MIFID II Product Governance/Target Market: solely for the purposes of the requirements of article 9.8 of the EU Delegated Directive 2017/593 relating to the product approval process, the target market assessment in respect of the shares of Carmat has led to the conclusion in relation to the type of clients criteria only that: (i) the type of clients to whom the shares are targeted is eligible counterparties and professional clients and retail clients, each as defined in Directive 2014/65/EU, as amended (“MiFID II”); and (ii) all channels for distribution of the shares of Carmat to eligible counterparties and professional clients and retail clients are appropriate. Any person subsequently offering, selling or recommending the shares of Carmat (a “distributor”) should take into consideration the type of clients assessment; however, a distributor subject to MiFID II is responsible for undertaking its own target market assessment in respect of the shares of Carmat and determining appropriate distribution channels. 

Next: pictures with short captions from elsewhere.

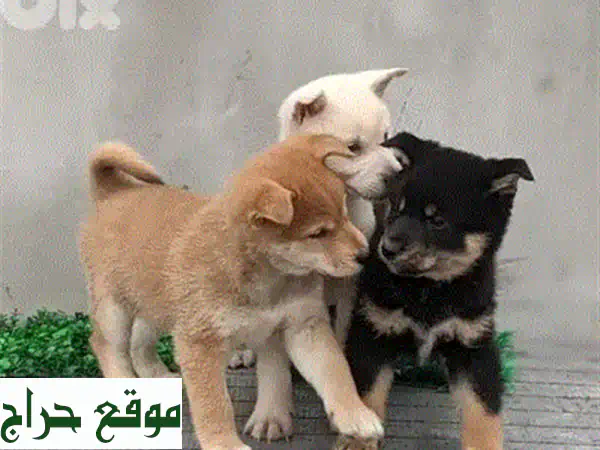 جراء بودل توي صغيرة للبيع | كلاب رائعة وجميلة حجم مثالي لمنزلك وعائلتك! 4
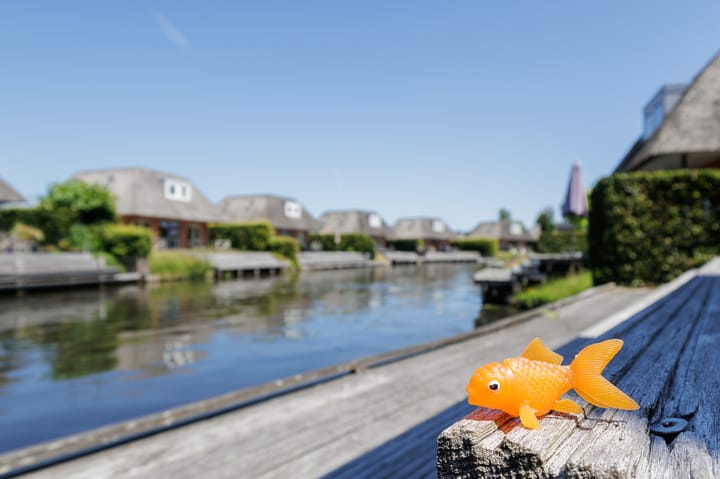 Photo 4 of De Bloemert 1-204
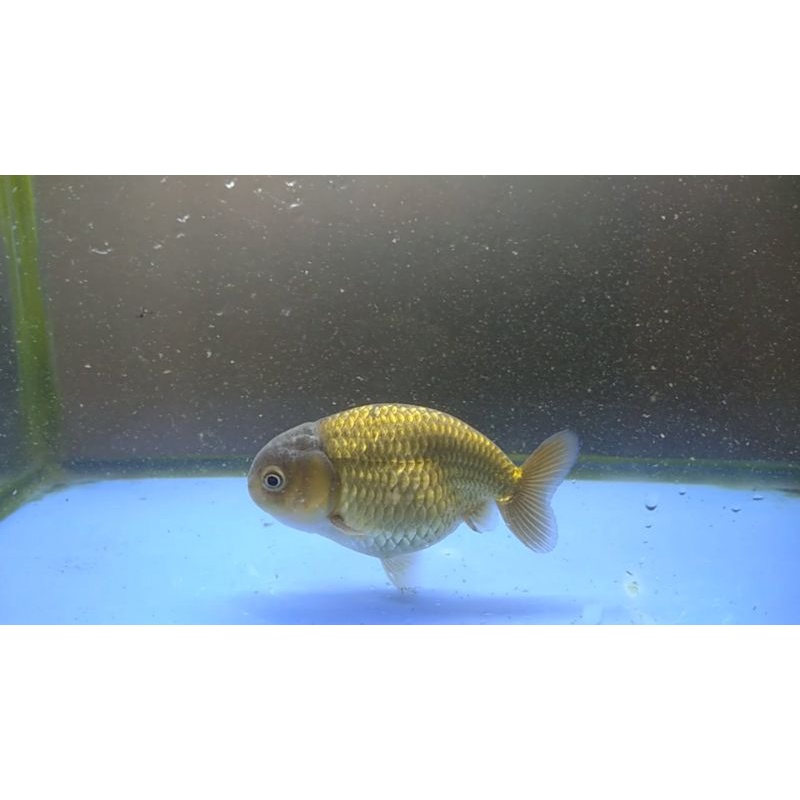 ranchu Hybrid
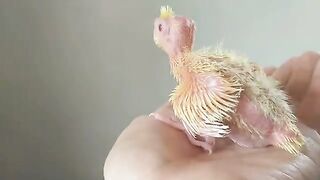 Baby cockatiel.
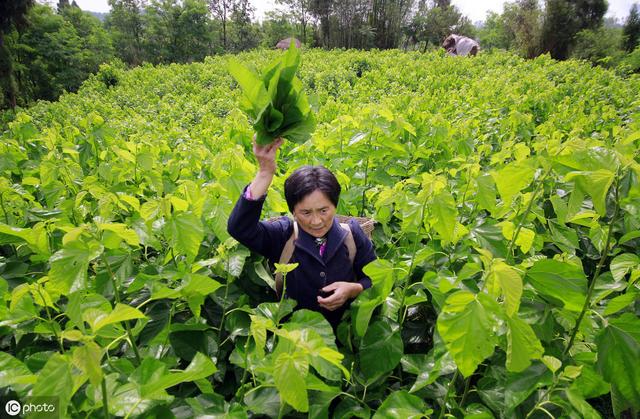 蛋白桑树苗多少钱一株，蛋白桑树苗多少钱一株白桑果子多少钱一株（果桑与蔬菜桑一带一路健康产业趋势）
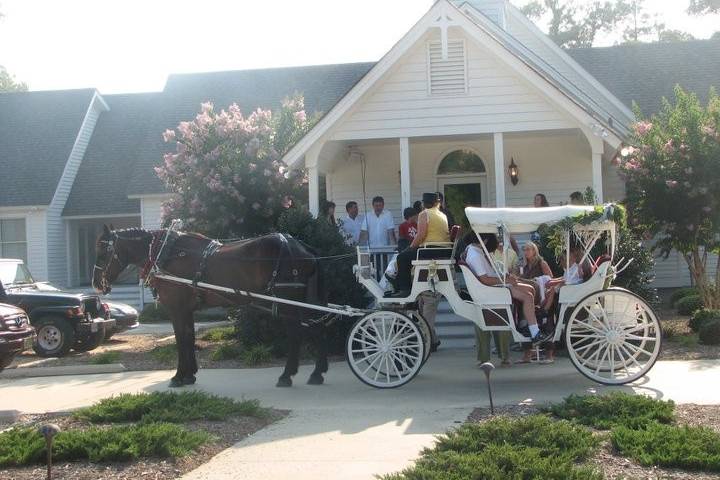 Carolina Carriages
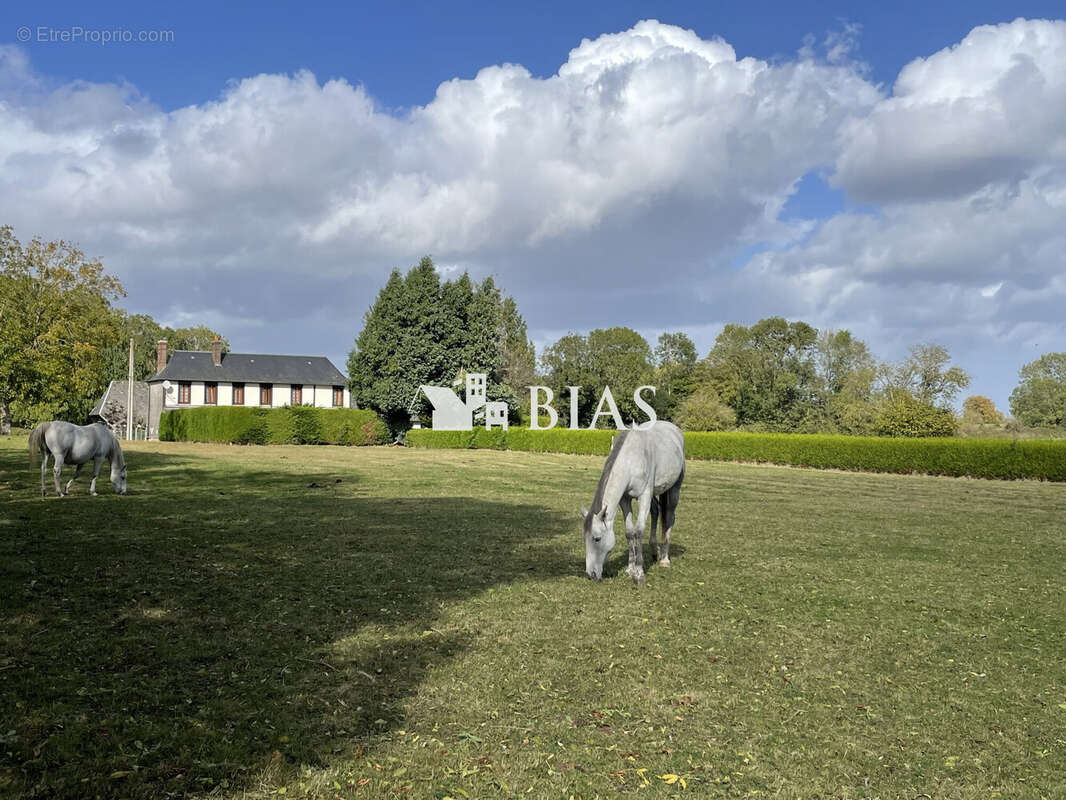 Maison à LE GROS-THEIL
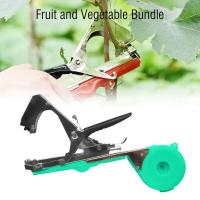 Encuadernación manual con 6 rollos de cintas + 1 caja de grapas para encuadernar ramas, grapadora de vid de uva para verduras, vides de pimienta - details 1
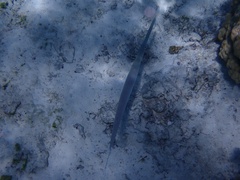 Fistularia commersonii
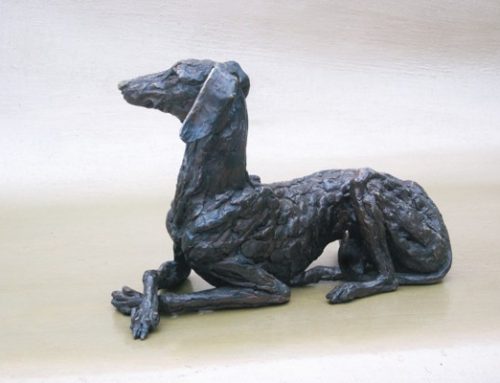 Saluki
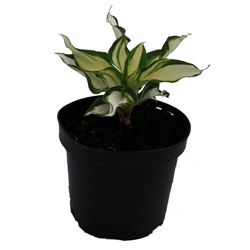 Хоста гибридная Кремовый топпинг купить в Нижнем Новгороде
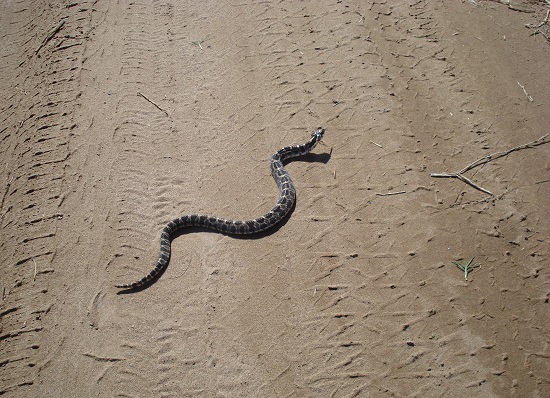 Archivo: Amanecer en la Laguna avistaje de animales.jpg
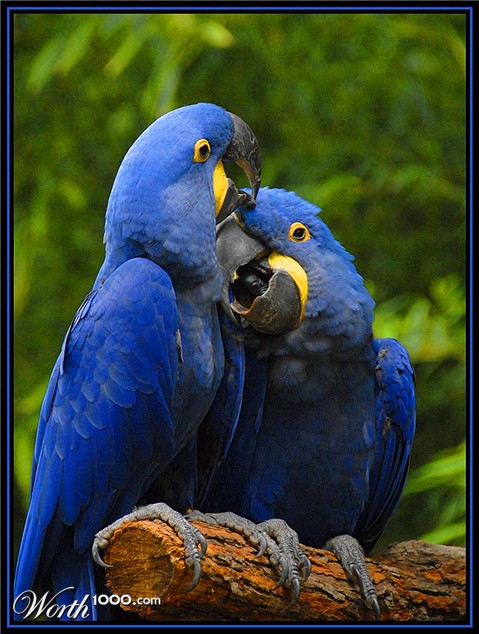 Photography by cshutt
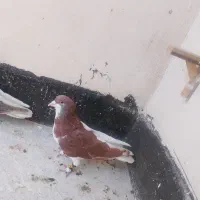 چپ نر
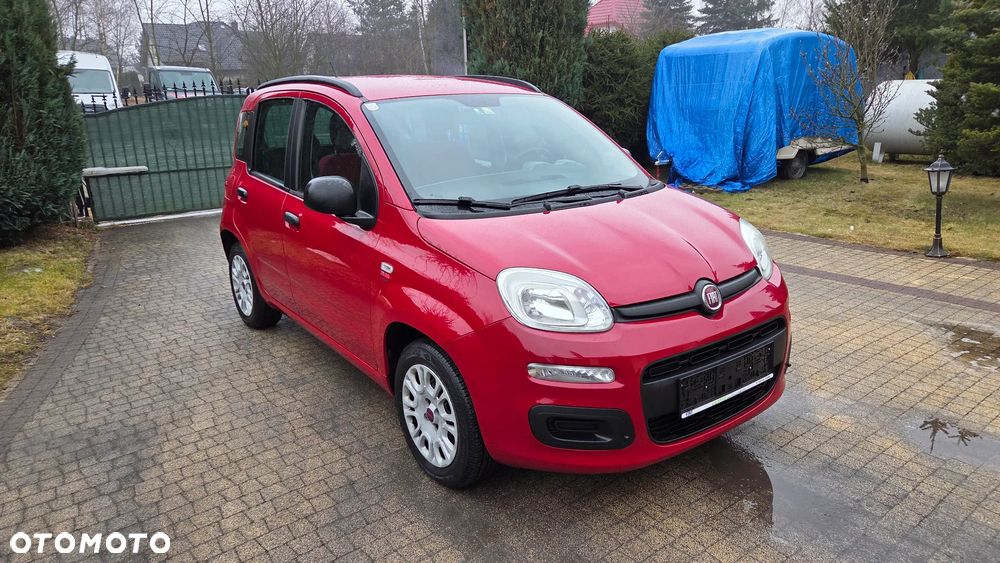 Fiat Panda - 2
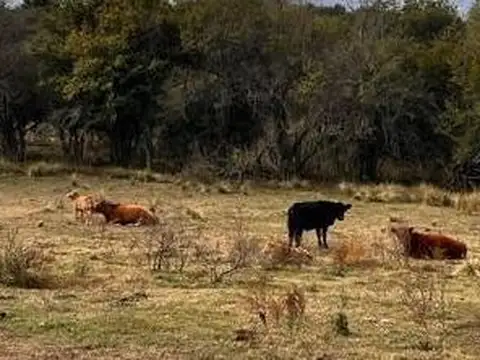 Campo en venta en Córdoba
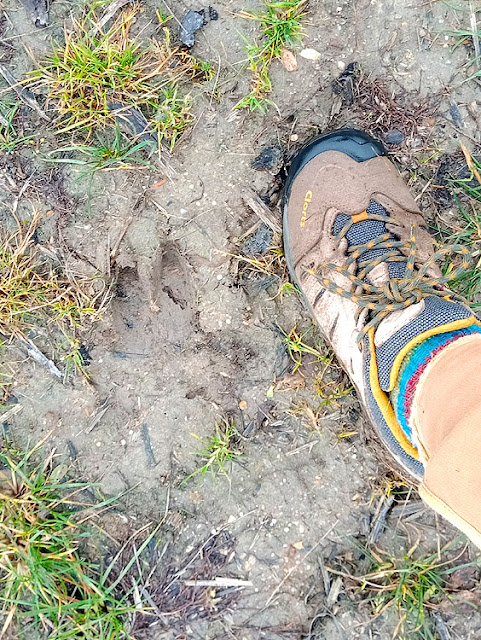 Red deer hoof print, Indre et Loire, France. Photo by Loire Valley Time Travel.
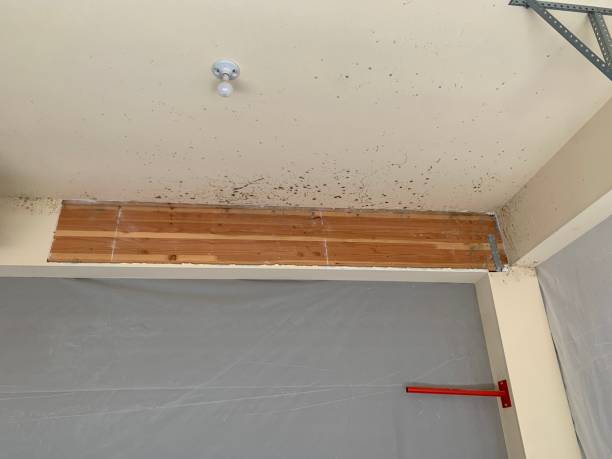 Asbestos and Lead Testing During Mold Inspection in Jarales, NM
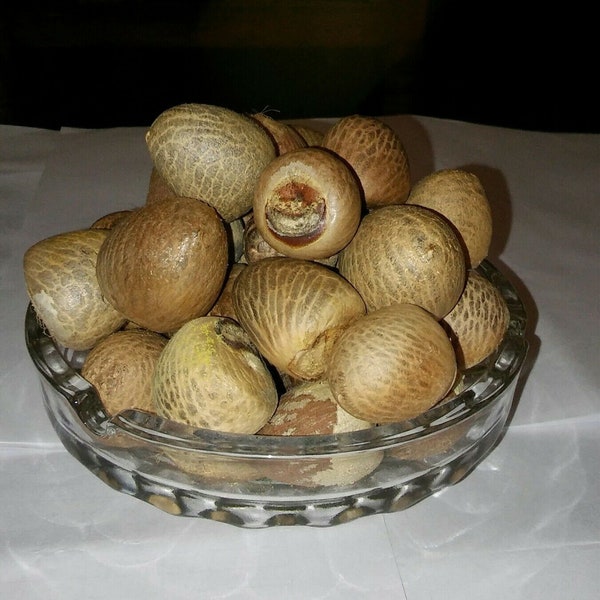 Ganze Supari-Betelnüsse der Güteklasse A aus Ceylon, Areca-Catechu-Nüsse, 100 % reine, natürlich getrocknete Bio-Nüsse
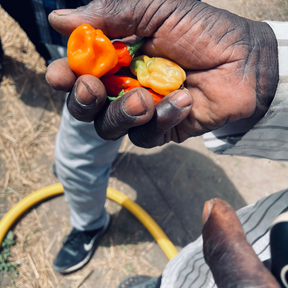 Habaneroernte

The distribution of this press release may be subject to legal or regulatory restrictions in certain jurisdictions. Any person who comes into possession of this press release must inform him or herself of and comply with any such restrictions.

Any decision to subscribe for or purchase the shares or other securities of Carmat must be made solely based on information publicly available about Carmat. Such information is not the responsibility of Bank Degroof Petercam SA/NV and Invest Securities and has not been independently verified by Bank Degroof Petercam SA/NV and Invest Securities.



[1] For further details, please refer to the press release dated May 6, 2024.

[2] Mr. Pierre Bastid's subscription to the Global Offering will not be made via Lohas SARL, which he controls and which is already a CARMAT shareholder, but via Les Bastidons, of which he is the sole shareholder. 3 The amount of the PrimaryBid Offering will be lower than €8 million.

[3] For further details on this equitization, please refer to the press release published by the Company on March 22, 2024and to section 3.1.7 of CARMAT's 2023 Universal Registration Document.